The world of dance is very much about the unrelenting and occasionally cruel quest for perfection. I’ve worked with many dancers, and have made what I naively thought to be a worthwhile or even beautiful photograph, only to have the perfectionist inside the dancer rise up and shred it. “Ooh, no. You can’t use that, look at the position of my ring finger on my left hand!” I am only being midly facetious here. Ballet demands perfection, which of course is unattainable.
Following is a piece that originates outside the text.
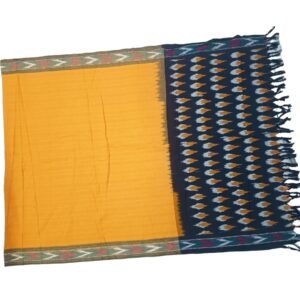Pochampally Ikkat Handloom cotton Dupatta | Length 2.5 Meters - IKD00046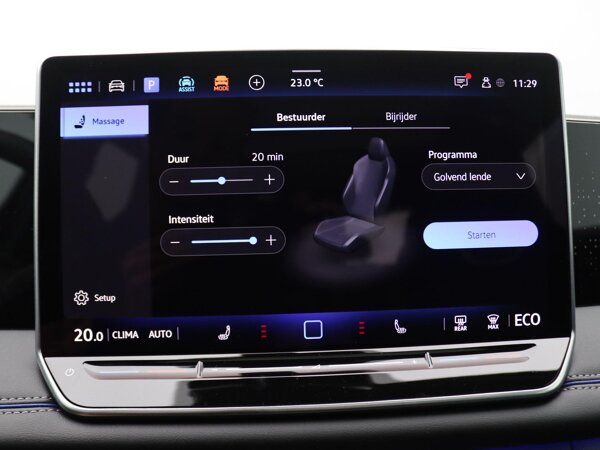 Voorstoelen met massagefunctie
Any dancer who sticks with it has heard the call to be perfect, in their head, and perhaps in their dreams. I would speculate many a little girl, as they take their first stumbles in toe shoes, has drifted to sleep with visions of being lifted into the lights before adoring thousands, and then drowning delightfully in a sea of tossed roses from a rapturously applauding audience.
More often, though, the call to perfection is more of a bark, harsh and unforgiving, from a dance master or mistress, or a choreographer, who, understandably driven by their own sense of discipline and vision, pushes the dancer to that point where the laws of gravity simply fall away. As Balanchine once said, “Dance is music made visible.” That’s hard to do. I was blessed to work briefly for ABT and made this picture of the magnificent Marcelo Gomes and Julie Kent, who together and apart, are the epitome of grace and elegant lines. As they took this position, I was stupefied at the exacting nature of the choreographer, and the giving nature of the dancers, striving to bend their bodies to his will.
Much of this burden of perfectionism falls on the women, of course. “The ballet is a purely female thing; it is a woman, a garden of beautiful flowers, and man is the gardener,” again, quoting Mr. Balanchine. The women of the ballet world are stars, objects of desire and wonder, adored, even worshiped. They are also the subjected to intense scrutiny.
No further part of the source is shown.